Sing, you little piece of shit. Rap. Opera. I don’t care. Do something. I’m starting to wonder if Wallace is just screwing with me.

“What did the ingot do to you?” Lillia asked, resting her chin on the top of Arwin’s head. “That’s a lot of annoyance for a brick of metal.”

Arwin blew out a sigh. “Yeah. I can’t hear the stupid thing sing. It just speaks. No matter what I try, I just can’t hear it.”

“Do you think talking it out would help?”

“I think that’s what we’re doing.”

“Oh, it is. I just wanted to make sure,” Lillia said, and Arwin could hear the hint of amusement in her voice. “So, what are you doing wrong?”

“If I knew that, I’d fix it. Your food doesn’t sing to you, does it?”

“No and thank the gods for that. Food that spoke to me would be bad enough. Having it sing to me while I chopped it up would make me comically evil. It’s just food. Sorry.”

“Figured.” Arwin studied the ingot in his hand. There was no point just sticking it into the lava. He hadn’t heard so much as a peep from anything yet, and he didn’t want to just go around wasting metal. “I wonder if my class is somehow keeping me from hearing the song because I can hear metal speak.”

“Have you tried tuning it out?”

“Yeah. Didn’t work.”

Lillia let out a thoughtful hum. She leaned more of her weight onto Arwin’s back and wrapped her arms around his neck, drumming her fingers gently on his shoulders in thought. Arwin moved the ball of lava a little farther away to make sure it didn’t get too close or burn her. The heat was almost entirely gathered in its core, but he didn’t want to take any risks.

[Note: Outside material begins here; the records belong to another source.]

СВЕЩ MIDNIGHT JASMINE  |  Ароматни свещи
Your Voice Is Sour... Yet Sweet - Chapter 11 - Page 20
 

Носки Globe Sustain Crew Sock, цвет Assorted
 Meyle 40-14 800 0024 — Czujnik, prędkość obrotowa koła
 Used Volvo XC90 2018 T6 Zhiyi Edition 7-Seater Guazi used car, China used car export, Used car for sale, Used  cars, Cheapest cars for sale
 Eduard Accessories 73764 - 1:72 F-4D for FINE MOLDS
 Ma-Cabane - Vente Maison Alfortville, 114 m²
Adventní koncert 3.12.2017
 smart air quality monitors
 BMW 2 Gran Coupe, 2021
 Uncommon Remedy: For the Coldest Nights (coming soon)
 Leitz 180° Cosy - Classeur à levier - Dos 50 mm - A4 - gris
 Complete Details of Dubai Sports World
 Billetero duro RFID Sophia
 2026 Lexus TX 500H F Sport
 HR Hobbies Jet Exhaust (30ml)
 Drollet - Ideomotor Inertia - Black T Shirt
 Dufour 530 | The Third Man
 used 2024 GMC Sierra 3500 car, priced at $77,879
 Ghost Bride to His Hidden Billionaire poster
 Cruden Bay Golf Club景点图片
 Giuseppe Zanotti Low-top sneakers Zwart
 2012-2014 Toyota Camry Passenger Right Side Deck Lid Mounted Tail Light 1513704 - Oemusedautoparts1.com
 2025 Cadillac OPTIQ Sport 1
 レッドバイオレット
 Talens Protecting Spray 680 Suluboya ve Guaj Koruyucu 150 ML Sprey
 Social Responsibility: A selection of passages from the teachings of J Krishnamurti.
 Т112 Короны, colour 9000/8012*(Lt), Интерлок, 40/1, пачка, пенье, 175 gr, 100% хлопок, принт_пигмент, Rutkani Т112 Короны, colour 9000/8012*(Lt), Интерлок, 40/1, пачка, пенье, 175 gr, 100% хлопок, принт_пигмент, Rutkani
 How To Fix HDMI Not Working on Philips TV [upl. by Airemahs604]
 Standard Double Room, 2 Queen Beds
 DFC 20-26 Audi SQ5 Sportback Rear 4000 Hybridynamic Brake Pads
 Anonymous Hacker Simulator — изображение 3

“Wallace was talking about harmonizing things,” Lillia mused. “Maybe you need to use the lava to listen? It’s a part of you or something, right?”

“That was one of my more recent attempts. It didn’t work, unfortunately. It’s an extension of me, but more like a hand than an ear,” Arwin said. Some of the frustration built up in him drained away. It was hard to remain annoyed with Lillia’s presence against him. The gentle drumbeat of her fingers against him was oddly comforting.

Arwin paused.

“What is it?” Lillia asked, freezing. “You just stiffened.”

“Wallace never said it was a vocal song,” Arwin muttered, looking back to the ingot. Wallace’s humming in the background grew louder, joined by the rhythmic taps of his dagger against the obsidian wall. “I’m listening for the wrong song.”

“What do you mean?” Lillia asked. “I thought you said you couldn’t hear anything.”

“I can’t,” Arwin said, lifting the bar of metal and running his thumb over its surface as his eyes lit with realization. “Because it’s not a song that you sing. It’s one you feel. Thanks, Lillia. I think I know what I need to do.”